Global Smooth Solutions to a Thermoelastic Cauchy Problem in Phase Transitions

TL;DR

This paper proves the global existence and uniqueness of smooth solutions for a thermoelastic phase transition model combining viscoelasticity, heat transfer, and phase change effects.

Contribution

It extends the isothermal phase transition model by coupling it with a heat equation and establishes global well-posedness results for the resulting thermoelastic system.

Findings

Global existence and uniqueness of classical solutions are proven.

Temperature perturbations decay algebraically under certain conditions.

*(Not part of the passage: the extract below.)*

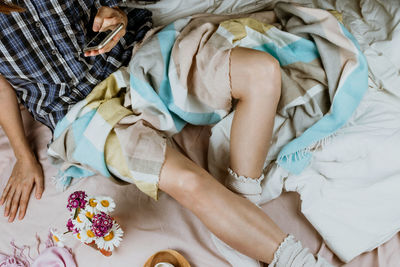 High angle view of woman sleeping on bed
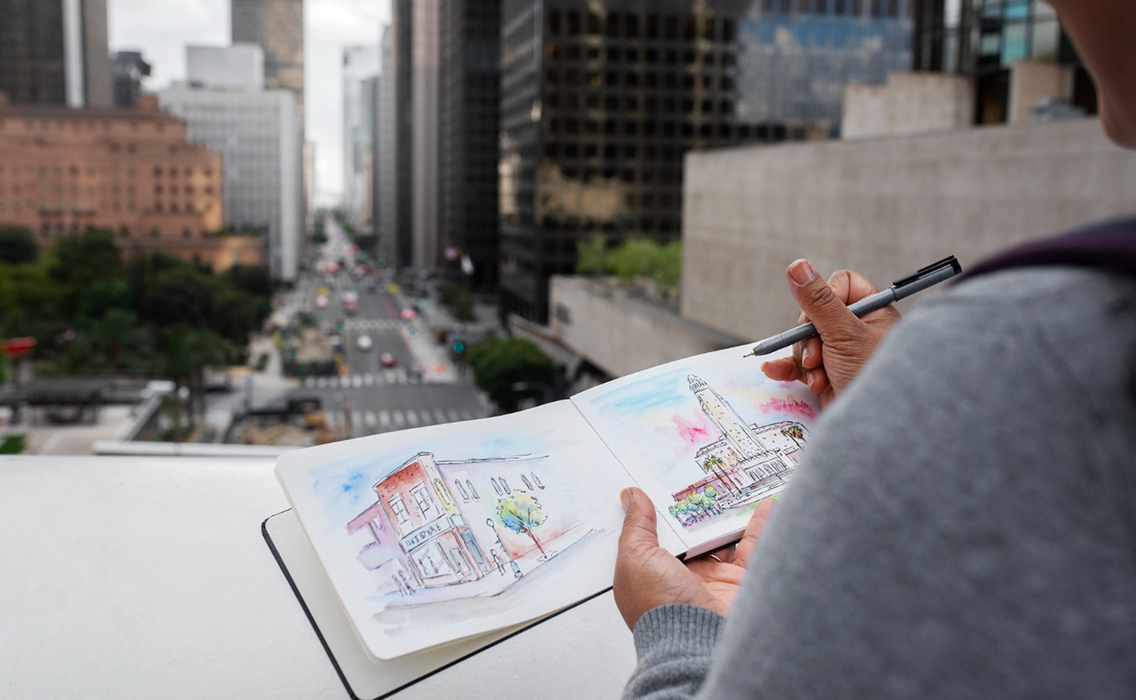 Persona sentada frente a un monumento realizando un dibujo en su cuaderno durante un viaje de lujo diseñado para disfrutar cada momento sin prisas.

The analysis employs traveling-wave decomposition and energy estimates.

Abstract

We study one-dimensional viscoelastic phase transitions modeled by a Ginzburg--Landau energy with a non-convex cubic stress-strain law. Extending the isothermal model, we couple the momentum equation to a heat equation for the temperature field, giving a thermoelastic system with viscous, capillary, and thermal-diffusion terms. We prove global existence and uniqueness of classical smooth solutions for the Cauchy problem, using a traveling-wave decomposition, an exponential transformation of the mechanical perturbation, and coupled energy estimates at successive regularity levels. Under additional integrability and small-data assumptions, the temperature perturbation decays algebraically.